Establish operations management processes

Article
12/01/2022

As your enterprise begins to operate workloads in Azure, the next step is to establish a process for operational management and fitness. This process enumerates, implements, and iteratively reviews and optimizes the operational state for these workloads.

A process for operational fitness review ensures that the entire portfolio of workloads meet business commitments to performance, reliability, and cost. This process aligns the efforts of central IT, cloud center of excellence, and workload teams to deliver operational excellence at scale.

Establish a core process for operational fitness review

Create a process for operational fitness review to fully understand the problems that result from running workloads in a production environment, and how to remediate and resolve those problems. This article outlines a high-level process for operational fitness review that your enterprise can use to achieve this goal.

Operational fitness at Microsoft

From the outset, many teams across Microsoft have been involved in the development of the Azure platform.
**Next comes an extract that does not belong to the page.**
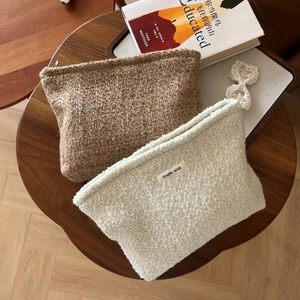 Minimalist wool tweed cosmetic bag in beige and coffee brown with simple wish label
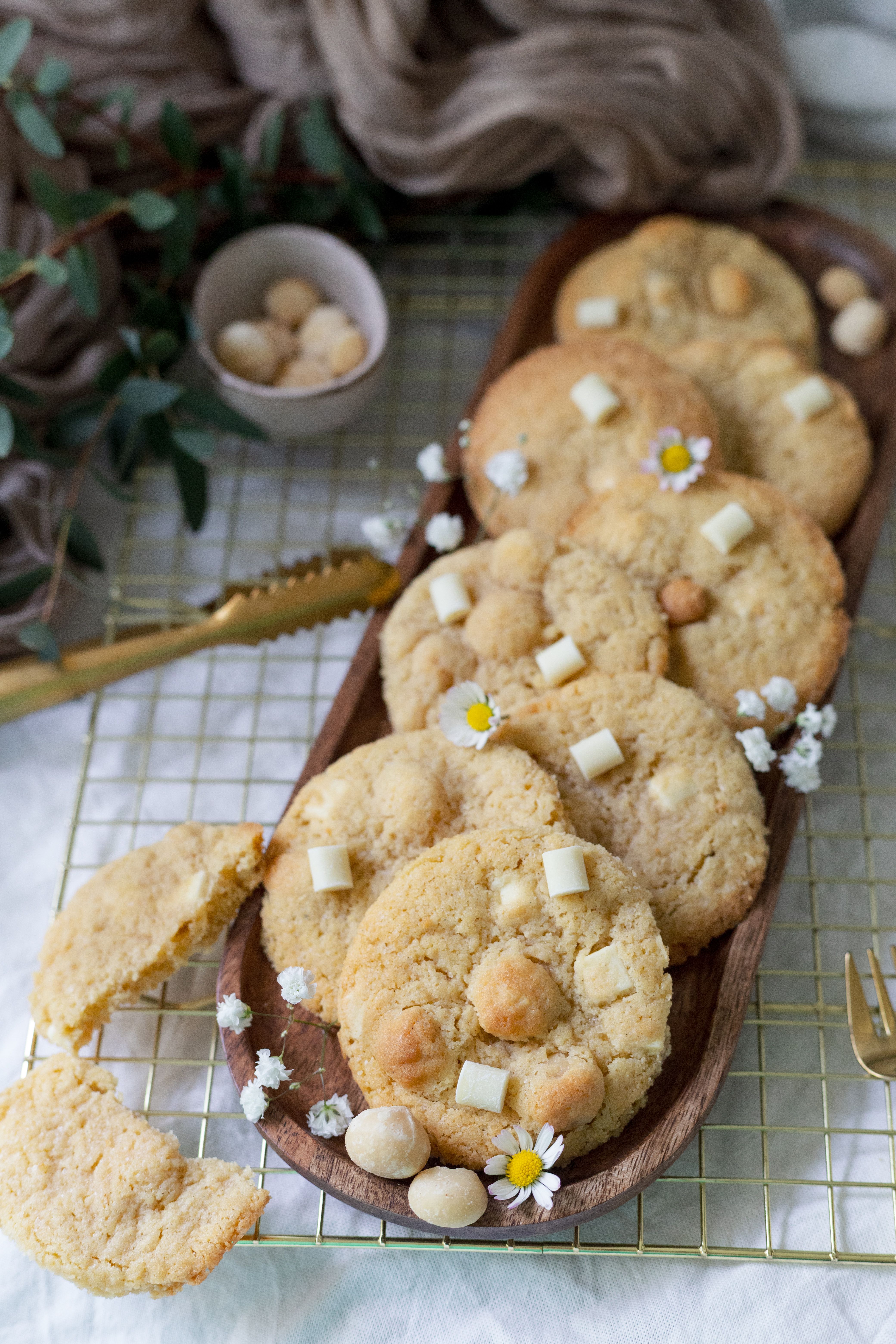 A stack of thick white chocolate macadamia nut cookies with golden-brown edges, melted white chocolate pools, and chopped macadamia nuts visible on top, on a cooling rack.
It's difficult to ensure quality and consistency for a project of such size and complexity. You need a robust process to enumerate and implement fundamental nonfunctional requirements on a regular basis.

The processes that Microsoft follows form the basis for the processes outlined in this article.

Understand roles and operating models

Operations management is a broad discipline involving multiple roles across the company. Depending on the organizations operating model, those roles may operate in a matrixed environment with a number of handoffs between centralized and decentralized operations teams.

Central IT / CCoE: This centralized technology function is responsible for the configuration, operations, governance, and security of all technology assets in the technology portfolio.
Cloud operations: A function within the centralized technology organization, this operations function manages the health and operations of the technology portfolio. It's their responsibility to ensure the process runs smoothly, that each adjacent role in the process has the necessary tools, and that each of the subsequent roles is held accountable for expectations of this process.
Cloud strategy: Provides knowledge of the business to identify and prioritize commitments to maintain operational requirements of various workloads. This role also compares the mitigation cost to the business impact, and drives the final decision on remediation.
Workload team: Accountable for development and operations of discreet workloads which map to specific supporting applications, services, and infrastructure, whether on-premises or in the cloud. The role requires deep knowledge of the workload architecture.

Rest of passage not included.